Markets for goods and services are an essential part of the model, given the generic definition of innovation used here. It is well-known that relationships between innovations and markets are complex. Different market structures (perfect competition, oligopoly, monopoly) influence innovation in different ways, and innovation also influences market structure, e.g. by leading to higher firm concentration (or less, depending on the type of innovation).Footnote 12 Perfect competition is commonly regarded as least conducive to innovation, although Boldrin and Levine (2008) argue that a substantial amount of innovation does take place under this market form.

Material standard of living

This element can be proxied by traditional economic performance variables like levels and growth rates of GDP and productivity, as well as alternative and newer variables which try to remedy shortcomings of the older established measures. In particular, comprehensive or total wealth (TW) has been developed as a stock measure compared to flow measures like GDP. TW is at the centre of the capital approach to development advocated by the World Bank (2011) and others, although measurement is still at a relatively early stage and controversial.Footnote 13

Natural environment

Living in the Anthropocene, i.e. in an age where humans impact the planet on a geological scale, but at a much faster than geological speed (The Economist 2011), any general model of the innovation-SWB nexus has to include as one of its elements the natural environment and its sustainability. The model needs to be able to capture not only the (positive and/or negative) environmental impacts of innovation, but also any feedback effects from the environment. Potential variables include pollution indicators, and many of the sustainability indicators put forward in the literature. However, by including SWB and the environment as separate elements, the model would have to be modified to accommodate composite sustainability indices that combine both.Footnote 14 Instead, I follow Stiglitz et al.’s (2009) advice that sustainability deserves separate measurement from current (objective and/or subjective) well-being. Another potentially relevant variable is the amenity value derived from natural capital (as noted earlier, natural capital itself is part of total wealth, i.e. it is an objective standard of living variable).

‘Objective’ well-being

This element tries to capture all well-being and social welfare indicators other than SWB indicators and those specifically related to the natural environment and its sustainability. It includes consumption-based utility, i.e. mainstream economic welfare criteria, and also a multitude of ‘objective’ quality-of-life indicators (e.g., health, education, and social indicators) and well-being indicators collected by many government and non-government organisations (see, e.g., Stiglitz et al. 2009; OECD 2011; New Economics Foundation 2011; Beaumont 2011).

Subjective well-being

SWB is diverse, capturing different aspects of people’s subjective experiences.Footnote 15 I advocate the use of life satisfaction (LSF) or evaluative well-being, in contrast to happiness or emotional (i.e. hedonic) well-being. The latter captures short-lived emotions. LSF captures longer-term considerations of the ‘good life’ and its ethical dimensions. Kahneman and Deaton (2010) and Deaton and Stone (2013) find that the two types of SWB have different correlates. They, therefore, emphasize the importance of distinguishing between the two.Footnote 16 In the context of trying to assess the SWB impacts of innovation, LSF seems, in general, to be the more appropriate SWB measure when the aim is to use SWB as an additional input into policy-making, and not as something to be maximised. Graham (2011), in her discussion of promises and dangers of using happiness indicators for policy purposes, calls this the choice between Aristotle and Bentham.
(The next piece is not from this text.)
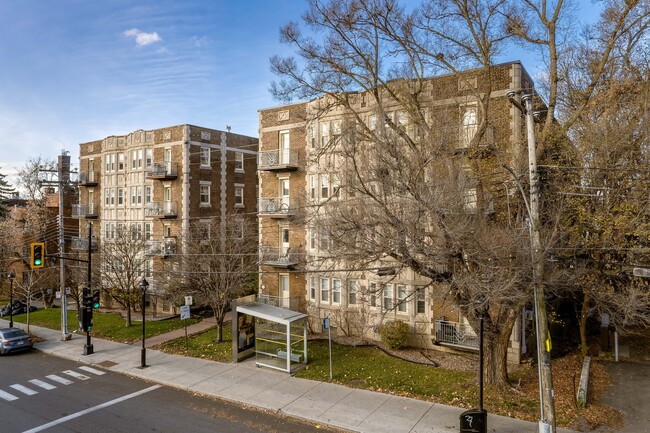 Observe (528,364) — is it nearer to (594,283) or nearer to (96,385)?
(594,283)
SWB can be measured for ‘life as a whole’, for specific life domains (e.g., work, family life), for particular groups of people in society, or even more specifically for particular job facets (Warr 2007). The different measures arguably convey different but complementary information about LSF of use to policy makers in the private and public sectors. In any particular implementation of the model, due consideration needs to be given to the appropriate choice of SWB measures.Footnote 17

2.2 Putting it all together

Having introduced the elements, the general model is presented in Fig. 1. It tries to capture the multitude of potential links between innovation and SWB. Borrowing a phrase from Swann (2009, p. 236), one might call this the ‘everything relates to everything else’ model of the innovation-SWB nexus. Figure 1 is what in graph theory is called a complete graph. The model will become specific when implemented and adapted for particular innovations (this is beyond the scope of the current paper). In that process, some elements might get modified (e.g., splitting ‘innovation’ into several elements) and some links will become more important than others (and some might be found unimportant and dropped from the model).

Fig. 1
figure 1

A general model of the innovation – SWB nexus

Important features of the proposed model are similar to those mentioned in the literature on National Innovation Systems (NISs), and open to similar criticism. For example, Lundvall (1992, p. 8) argues that innovation is a ubiquitous phenomenon in the modern economy, that invention, innovation and diffusion are not separate stages, and that what to include in a National Innovation System (NIS) is context specific. Edquist (2005), in his assessment of the NISs approach, comments on what he perceives as its major weaknesses, i.e. conceptual diffuseness (no clear definition of NIS boundaries) and the lack of formal theory, suggesting it might be undertheorized. In Edquist’s view, remedying the latter does not require that all elements and relations among them must be specified (he regards this as unrealistic, given the complexity of innovation systems). Instead, the NIS should be seen as a device to generate hypothesis about relations between specific variables in the system. An explanation of innovation processes will certainly be multicausal. All of these comments can also be made about the model of the innovation-SWB nexus.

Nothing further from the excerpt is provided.